Il cambio di paradigma: da export-led a wage-led economy
Di fronte a questo scenario occorre abbandonare il modello export-led, centrato sulla competitività esterna, e orientarsi verso una wage-led economy, fondata sulla crescita dei salari e sulla domanda interna. In un mondo sempre più instabile, segnato da guerre commerciali, rialzi dei tassi e crisi geopolitiche, affidarsi esclusivamente alle esportazioni espone l’economia a shock esterni difficilmente governabili. Puntare invece sulla domanda interna, attraverso un incremento generalizzato dei salari, significherebbe rafforzare la resilienza del sistema, ridurre le disuguaglianze e sostenere una crescita più equilibrata.
Un’agenda per il rilancio: produttività, investimenti e contrattazione
Per realizzare questa transizione, servono politiche economiche mirate e coerenti. La leva fiscale dovrà agire nella direzione di un alleggerimento del cuneo sul lavoro, incentivando al tempo stesso gli investimenti in innovazione e capitale umano.
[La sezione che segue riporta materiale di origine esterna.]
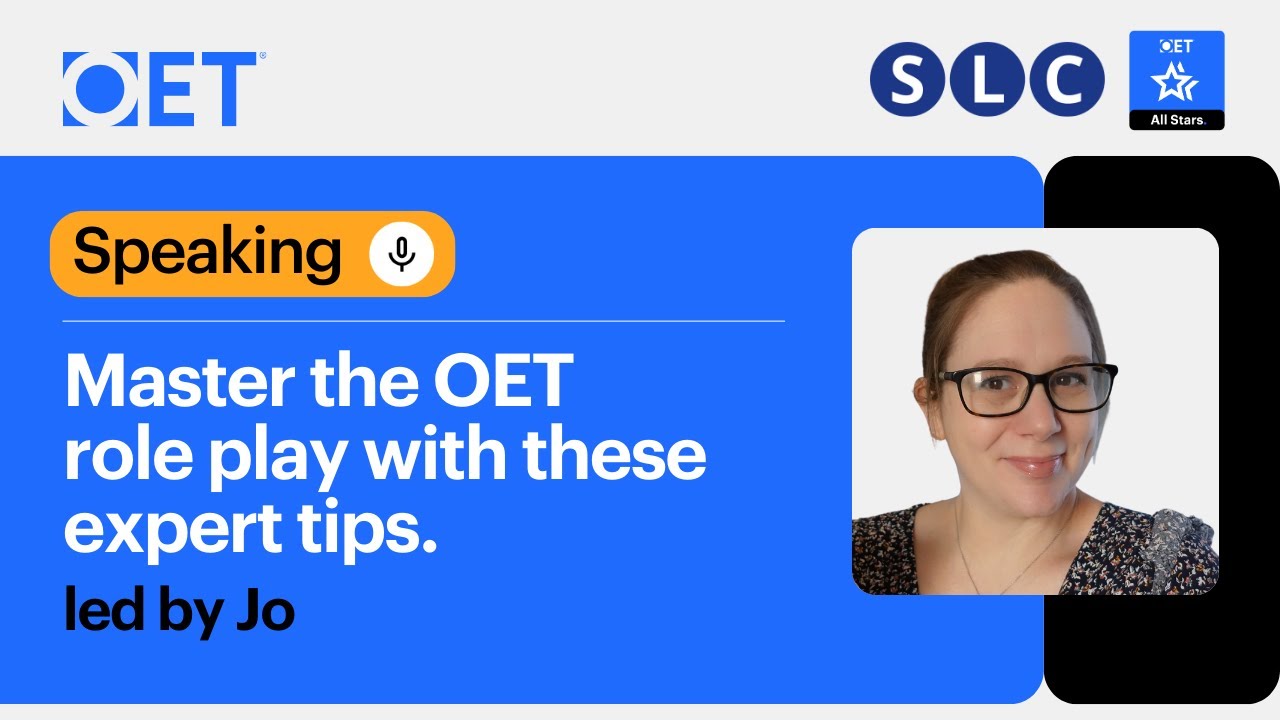 Class with SLC: OET Speaking - Master the OET Role Play with These Expert Tips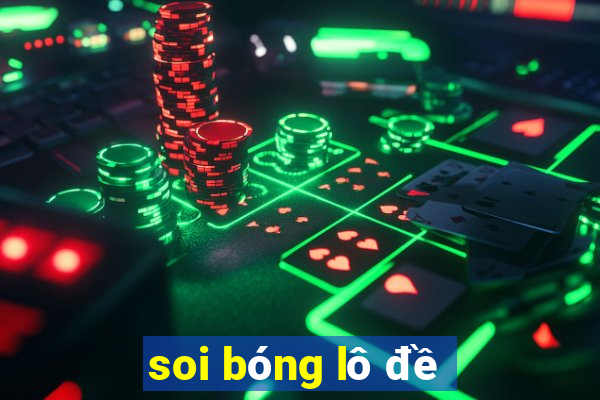 soi bong lo de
È necessario sostenere la produttività attraverso politiche industriali selettive e un maggiore coinvolgimento delle parti sociali nella definizione dei salari. Il rilancio della contrattazione collettiva dovrà tornare al centro del dibattito politico, non come vincolo, ma come strumento per una redistribuzione più equa dei frutti della crescita. Solo così, sarà possibile invertire la tendenza e restituire dignità e stabilità al lavoro italiano.